FIGS. 1 to 4 are cross-sectional views illustrating a method of fabricating a conventional monolithic type ink jet head.

Referring to FIG. 1, heat-generating resistors 102 for generating pressure for ink ejection are formed on a substrate 100. An insulating passivation layer 104 is formed on an entire surface of the substrate having the heat-generating resistors 102 thereon. Next, a chamber layer 106 defining sidewalls of an ink flow path is formed on the insulating passivation layer 104. The chamber layer 106 is conventionally formed of a negative photosensitive resin layer.

Referring to FIG. 2, a sacrificial material layer 108 is formed on the substrate 100 having the chamber layer 106 thereon. The sacrificial material layer 108 is formed of a soluble resin layer such as a positive photoresist. The sacrificial material layer 108 is then polished by a chemical mechanical polishing (CMP) method.

Referring to FIG. 3, as a result of performing the CMP process, a sacrificial layer 108′ is formed between the sidewalls defined by the chamber layer 106 to cover a region where the ink flow path is to be formed. The sacrificial layer 108′ is provided as a supporting layer for the nozzle layer to be formed by the following processes.

Referring to FIG. 4, a resin layer is formed on the chamber layer 106 and the sacrificial layer 108′. The resin layer is patterned to form the nozzle layer 112 having nozzles 112′ corresponding to the heat-generating resistors 102, respectively. Then, the substrate 100 is etched to form an ink-feed passage 114, and the sacrificial layer 108′ is then removed.

A height of the ink flow path is affected by a thickness of the chamber layer 106. Therefore, the thickness of the chamber layer 106 should be adjustable and precisely reproducible. In a method of fabricating the conventional monolithic ink jet head, in order to create the chamber layer 106 having a reproducible thickness, the chamber layer 106 is formed of a material layer having a polish selectivity (polishing rate of the sacrificial layer/polishing rate of the chamber layer) with respect to the sacrificial layer 108. In this case, the chamber layer 106 functions as a polish stop layer for detecting a polishing stop point of the CMP process. However, as described above, when both the chamber layer 106 and the sacrificial material layer 108 are formed of a resin material, it may be difficult to make the chamber layer 106 have a polish selectivity with respect to the sacrificial material layer 108. As a result, the chamber layer 106 does not function as the polish stop layer and is polished together with the sacrificial material layer 108, thereby making it difficult to adjust and precisely reproduce the thickness of the chamber layer 106. Additionally, although the sacrificial layer 108′ may be formed by applying and patterning the positive photoresist without employing the above-mentioned CMP process, it may be difficult to form the sacrificial layer 108′ having a flat top surface due to a step between the sacrificial material layer 108 and the chamber layer 106. This may make it difficult to form the ink flow path having uniform dimensions.

SUMMARY OF THE INVENTION

The present general inventive concept provides a method of fabricating an ink jet head having an ink flow path of uniform dimensions by forming a chamber layer having a precise and reproducible thickness.
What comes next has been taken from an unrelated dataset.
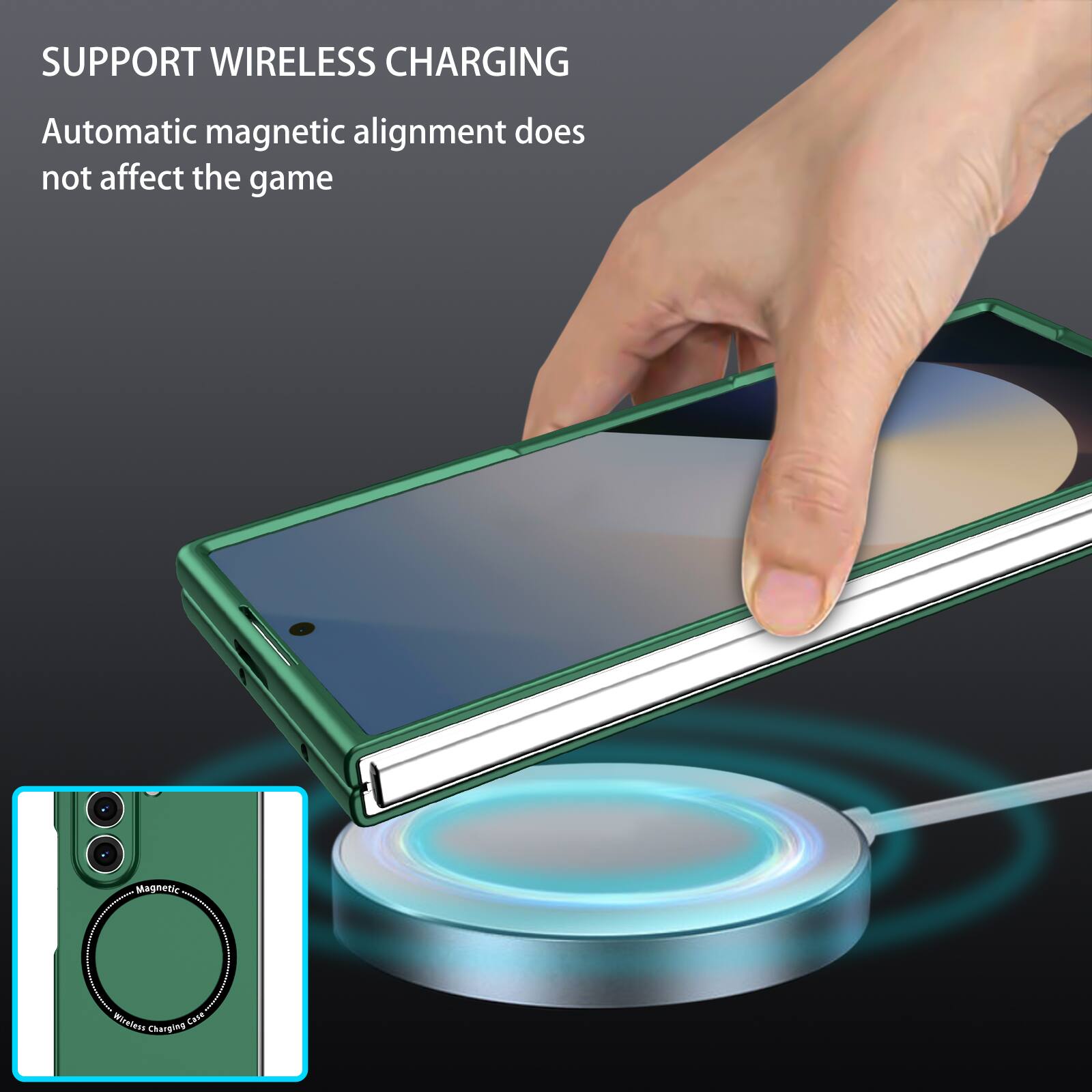 SUPPORT WIRELESS CHARGING  
Automatic magnetic alignment does not affect the game  

Magnetic G I Wireless Case Charging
Additional aspects and advantages of the present general inventive concept will be set forth in part in the description which follows and, in part, will be obvious from the description, or may be learned by practice of the general inventive concept.

The foregoing and/or other aspects and advantages of the present general inventive concept are achieved by providing a method of fabricating an ink jet head having a metal chamber layer. The method may include preparing a substrate having pressure-generating elements to generate pressure to eject ink. The metal chamber layer to define sidewalls of an ink flow path may then be formed on the substrate. A sacrificial layer is formed to fill a region where the ink flow path is to be formed between the sidewalls defined by the metal chamber layer. A nozzle layer having nozzles corresponding to the pressure-generating elements is then formed on the metal chamber layer and the sacrificial layer.
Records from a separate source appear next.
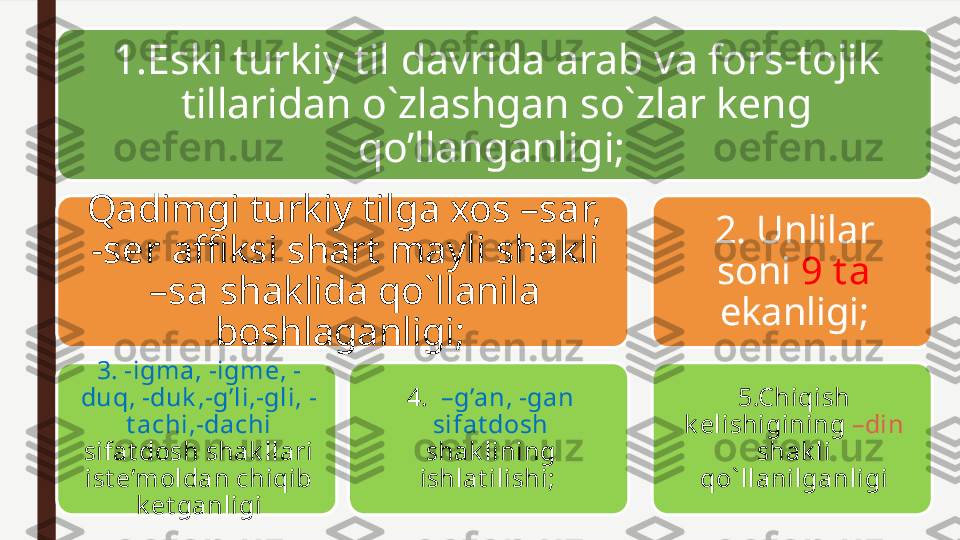 1.Eski turkiy til davrida arab va fors-tojik 
tillaridan o`zlashgan so`zlar keng 
qo’llanganligi; 
Qadimgi turkiy tilga xos  –sar, 
-ser  affiksi shart mayli shakli 
–sa  shaklida qo`llanila 
boshlaganligi; 
3. -igma, -igme, -
duq, -duk ,-g’li,-gli, -
t achi,-dachi 
sifat dosh shak llari 
ist e’moldan chiqib 
k et ganligi 4.   –g’an, -gan 
sifat dosh 
shak lining 
ishlat ilishi;  2. Unlilar 
soni  9 t a 
ekanligi;
5.Chiqish 
k elishigining  –din 
shak li 
qo` llanilganligi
The pressure-generating elements may be heat-generating resistors.

The method may further include forming a seed layer pattern on the substrate before forming the metal chamber layer. In this case, the metal chamber layer may be formed on the seed layer pattern by an electroplating method. The seed layer pattern may be formed by forming a seed layer on the substrate and patterning the seed layer. The seed layer may be formed of a metal layer containing at least one metal selected from a group including copper, platinum, gold, palladium, silver, and nickel. The metal chamber layer may be formed of a copper layer or a nickel layer. Other metals may also be used to form the metal chamber layer.
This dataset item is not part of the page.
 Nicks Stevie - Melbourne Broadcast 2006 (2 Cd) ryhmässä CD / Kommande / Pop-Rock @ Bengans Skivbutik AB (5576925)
The method may further include forming a sacrificial material layer on the substrate after forming the seed layer pattern thereon. The sacrificial material layer may be patterned to form a sacrificial material layer pattern to cover the region where the ink flow path is to be formed and to expose the seed layer pattern. In this case, forming the sacrificial layer may include polishing the sacrificial material layer pattern using the metal chamber layer as a polish stop layer. The sacrificial material layer may be formed of a positive photoresist. In addition, polishing the sacrificial material layer pattern may be performed by a chemical mechanical polishing (CMP) process.

Alternatively, forming the sacrificial layer may include forming the sacrificial material layer to cover the metal chamber layer disposed on the substrate, and polishing the sacrificial material layer using the metal chamber layer as a polish stop layer.

The foregoing and/or other aspects and advantages of the present general inventive concept may also be achieved by providing an ink jet head having a metal chamber layer. The ink jet head includes a substrate having pressure-generating elements to generate pressure to eject ink. A metal chamber layer defining sidewalls of an ink flow path is disposed on the substrate. A nozzle layer having nozzles corresponding to the pressure-generating elements is disposed on the metal chamber layer to define an upper surface of the ink flow path.

The pressure-generating elements may be heat-generating resistors. The metal chamber layer may be a copper layer or a nickel layer. Other metals may also be used to form the metal chamber layer.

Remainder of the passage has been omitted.